→ **EXTRACTED ENTRIES**
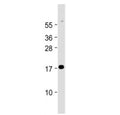 Western blot testing of Chemerin antibody at 1:2000 dilution + human lung lysate. Predicted molecular weight ~19 kDa.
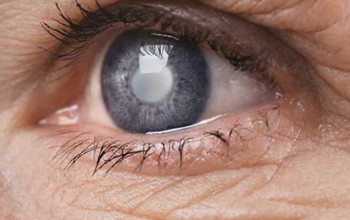Image Does every patient of glaucoma require treatment?
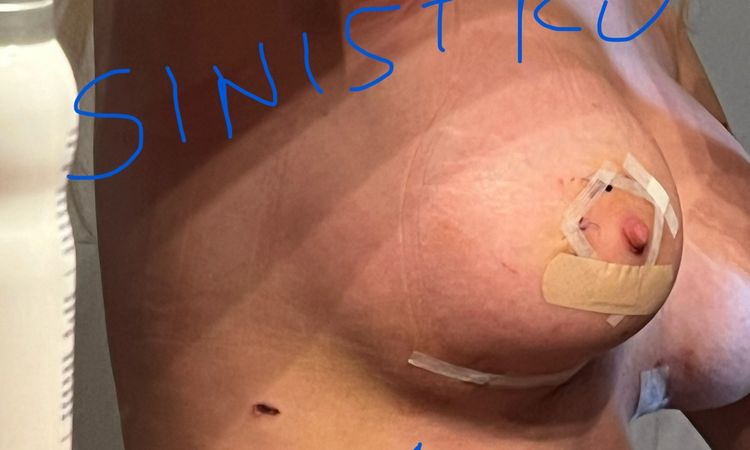 Si può alzare la protesi con fascia? - 70664
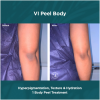 VI Peel Body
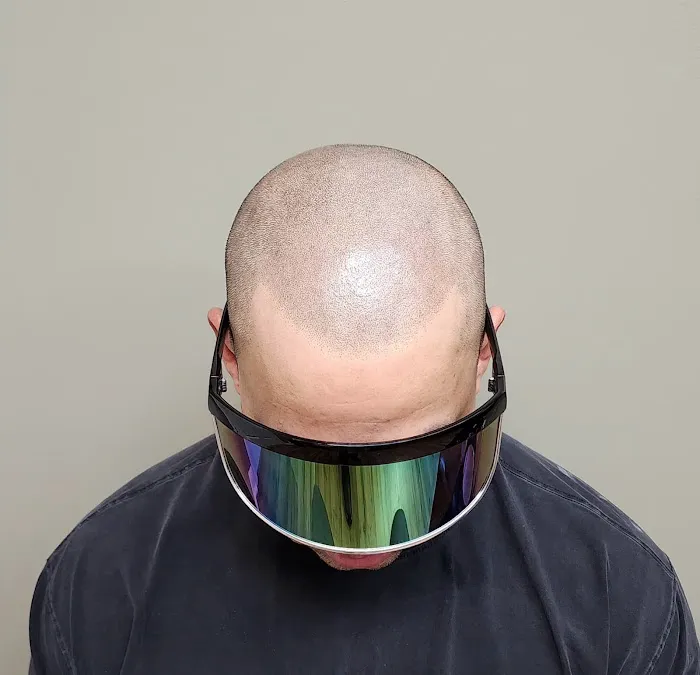 OM SCALP Micropigmentation Hair Tattoo Picture 6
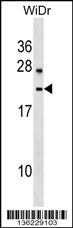 LYZL6 Antibody (Center) (Cat. #AP16919c) western blot analysis in WiDr cell line lysates (35ug/lane).This demonstrates the LYZL6 antibody detected the LYZL6 protein (arrow).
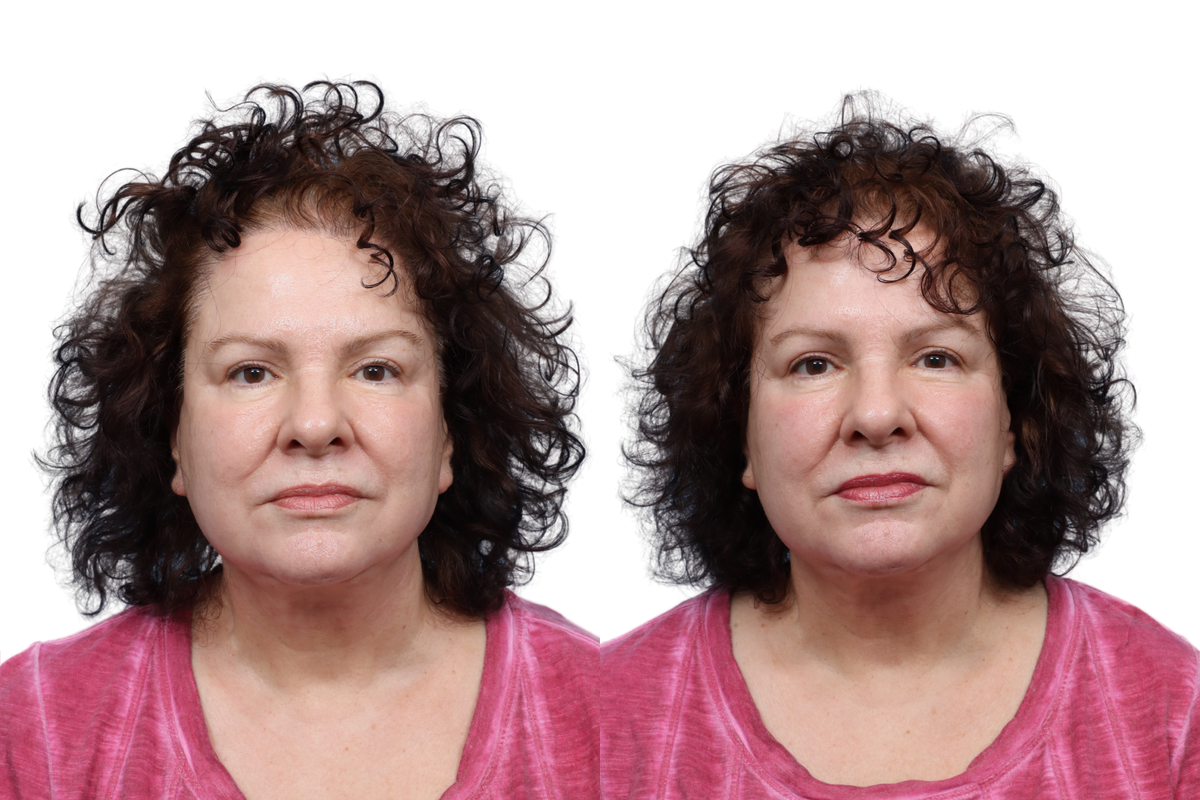 XERF Before & After Gallery - Patient 801438 - Image 2
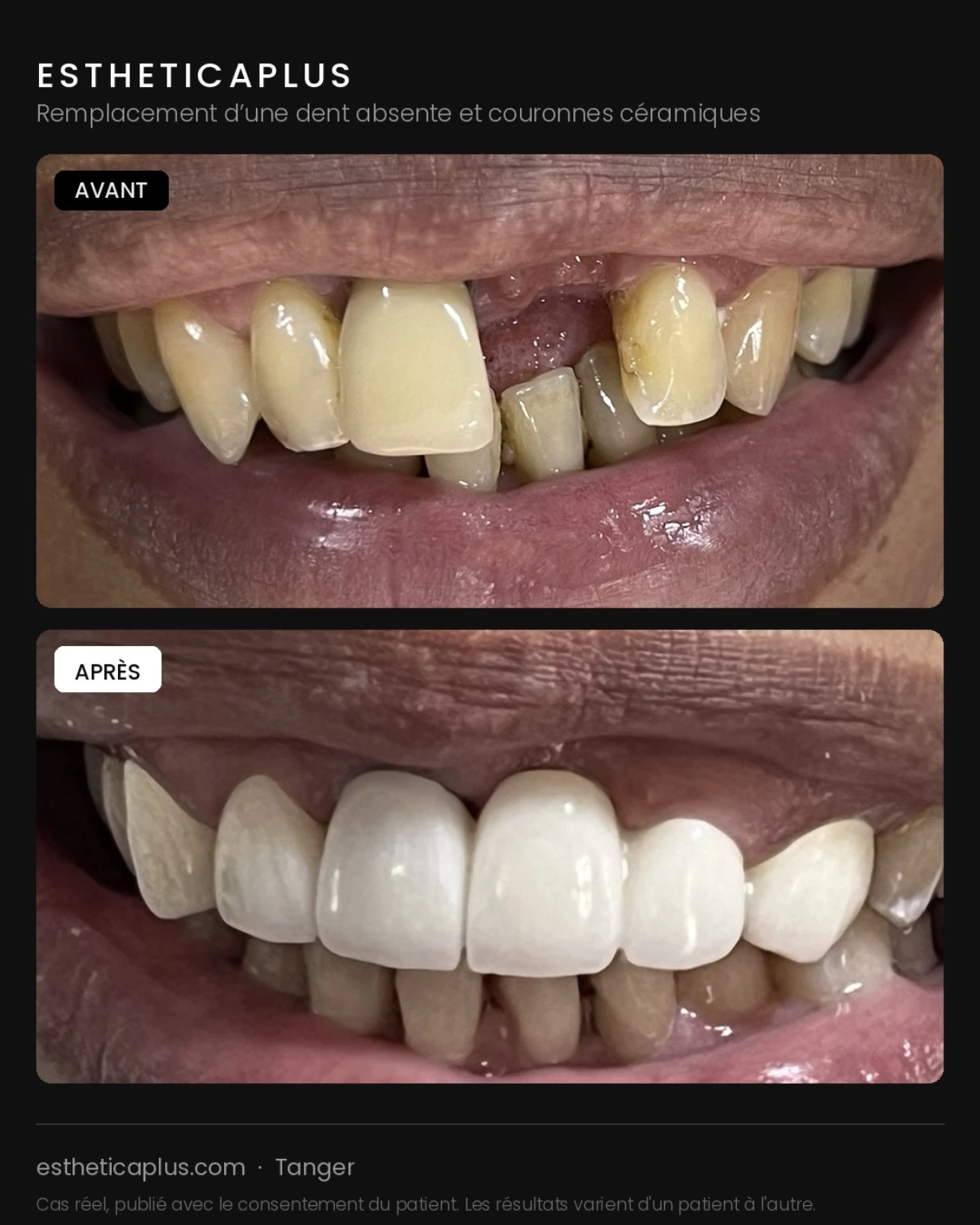 Remplacement dent absente couronne céramique Tanger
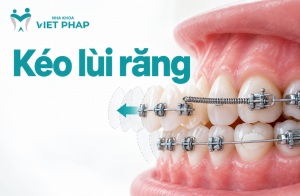 Kéo lùi răng khi nào? Có cần nhổ răng không, thời gian kéo lùi và cách chăm sóc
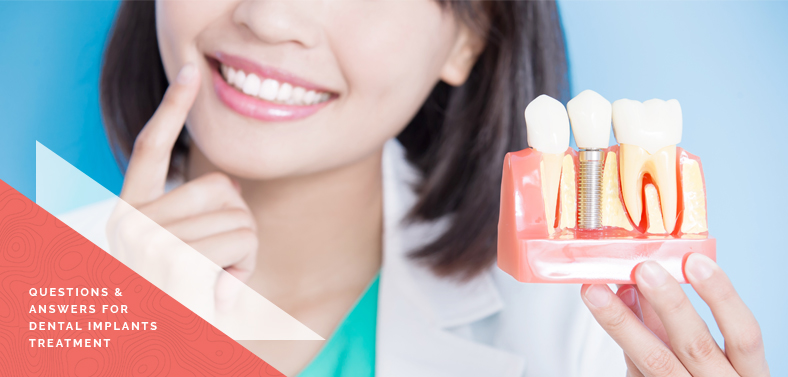 Questions and answers on dental implants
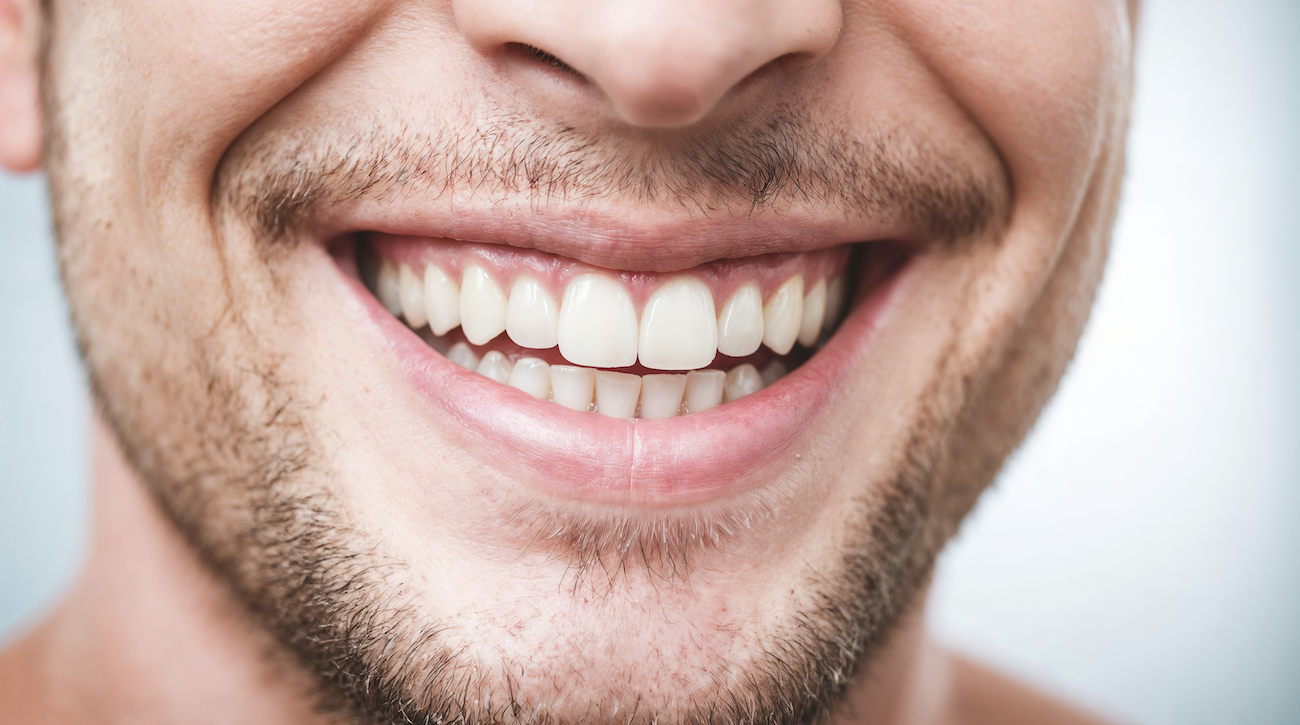 abceso dental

→ **WHAT TO DO**
Leaving out all pictures, repeat word for word the lines from the one containing "Questions and answers on dental implants" through the final line of the material above.

→ **WRITTEN ANSWER**
 Questions and answers on dental implants
 abceso dental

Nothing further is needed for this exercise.